To do: Each line from the one that includes "Old Navy Girls" to the last line of the data below should be set down exactly; no other lines are wanted.

Source data
=====

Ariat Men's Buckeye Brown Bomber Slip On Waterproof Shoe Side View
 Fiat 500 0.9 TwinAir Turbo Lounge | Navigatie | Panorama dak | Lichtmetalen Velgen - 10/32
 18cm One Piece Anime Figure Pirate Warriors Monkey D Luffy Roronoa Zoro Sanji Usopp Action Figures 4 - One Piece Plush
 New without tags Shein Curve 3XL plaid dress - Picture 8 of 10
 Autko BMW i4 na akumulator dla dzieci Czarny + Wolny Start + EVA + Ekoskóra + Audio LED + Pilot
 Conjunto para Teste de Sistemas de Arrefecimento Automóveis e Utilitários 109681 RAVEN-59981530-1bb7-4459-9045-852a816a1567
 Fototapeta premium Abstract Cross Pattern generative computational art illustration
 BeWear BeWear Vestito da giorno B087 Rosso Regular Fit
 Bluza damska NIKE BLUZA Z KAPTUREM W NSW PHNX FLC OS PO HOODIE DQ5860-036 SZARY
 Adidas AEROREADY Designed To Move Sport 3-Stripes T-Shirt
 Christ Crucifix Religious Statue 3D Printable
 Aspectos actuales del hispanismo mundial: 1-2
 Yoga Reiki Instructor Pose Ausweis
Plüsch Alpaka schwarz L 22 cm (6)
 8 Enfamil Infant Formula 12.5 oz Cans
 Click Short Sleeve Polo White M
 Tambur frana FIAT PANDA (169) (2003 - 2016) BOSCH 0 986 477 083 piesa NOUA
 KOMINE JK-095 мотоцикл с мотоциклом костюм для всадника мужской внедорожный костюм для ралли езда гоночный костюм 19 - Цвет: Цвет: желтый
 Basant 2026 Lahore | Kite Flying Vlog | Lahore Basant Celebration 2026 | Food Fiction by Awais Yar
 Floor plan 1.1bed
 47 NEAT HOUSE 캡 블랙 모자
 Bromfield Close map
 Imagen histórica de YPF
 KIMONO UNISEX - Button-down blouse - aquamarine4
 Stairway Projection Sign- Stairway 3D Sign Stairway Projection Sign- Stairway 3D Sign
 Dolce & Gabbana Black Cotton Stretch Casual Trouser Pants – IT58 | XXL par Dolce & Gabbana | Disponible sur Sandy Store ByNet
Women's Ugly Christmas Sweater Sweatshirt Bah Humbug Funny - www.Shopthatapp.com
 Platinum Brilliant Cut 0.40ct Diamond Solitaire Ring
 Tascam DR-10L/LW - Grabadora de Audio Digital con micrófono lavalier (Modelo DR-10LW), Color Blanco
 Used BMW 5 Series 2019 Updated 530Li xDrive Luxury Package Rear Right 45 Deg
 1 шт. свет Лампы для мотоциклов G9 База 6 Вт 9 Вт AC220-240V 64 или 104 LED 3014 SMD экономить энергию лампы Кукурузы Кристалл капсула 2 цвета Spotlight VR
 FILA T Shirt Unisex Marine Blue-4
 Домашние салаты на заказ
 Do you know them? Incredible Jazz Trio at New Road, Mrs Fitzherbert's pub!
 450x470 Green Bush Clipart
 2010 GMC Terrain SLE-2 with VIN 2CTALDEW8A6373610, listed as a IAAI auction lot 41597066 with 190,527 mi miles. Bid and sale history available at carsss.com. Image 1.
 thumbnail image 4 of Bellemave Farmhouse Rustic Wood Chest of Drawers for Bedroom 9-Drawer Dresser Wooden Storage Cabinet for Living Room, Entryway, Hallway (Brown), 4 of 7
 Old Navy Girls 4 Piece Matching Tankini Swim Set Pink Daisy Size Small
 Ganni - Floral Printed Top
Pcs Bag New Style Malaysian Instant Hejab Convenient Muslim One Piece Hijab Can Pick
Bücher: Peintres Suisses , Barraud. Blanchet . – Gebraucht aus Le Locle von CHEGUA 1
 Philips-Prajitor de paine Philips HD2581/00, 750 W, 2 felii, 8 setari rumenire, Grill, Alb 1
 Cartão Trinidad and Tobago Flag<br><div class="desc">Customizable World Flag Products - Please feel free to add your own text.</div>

=====

Worked solution:
 Old Navy Girls 4 Piece Matching Tankini Swim Set Pink Daisy Size Small
 Ganni - Floral Printed Top
Pcs Bag New Style Malaysian Instant Hejab Convenient Muslim One Piece Hijab Can Pick
Bücher: Peintres Suisses , Barraud. Blanchet . – Gebraucht aus Le Locle von CHEGUA 1
 Philips-Prajitor de paine Philips HD2581/00, 750 W, 2 felii, 8 setari rumenire, Grill, Alb 1
 Cartão Trinidad and Tobago Flag<br><div class="desc">Customizable World Flag Products - Please feel free to add your own text.</div>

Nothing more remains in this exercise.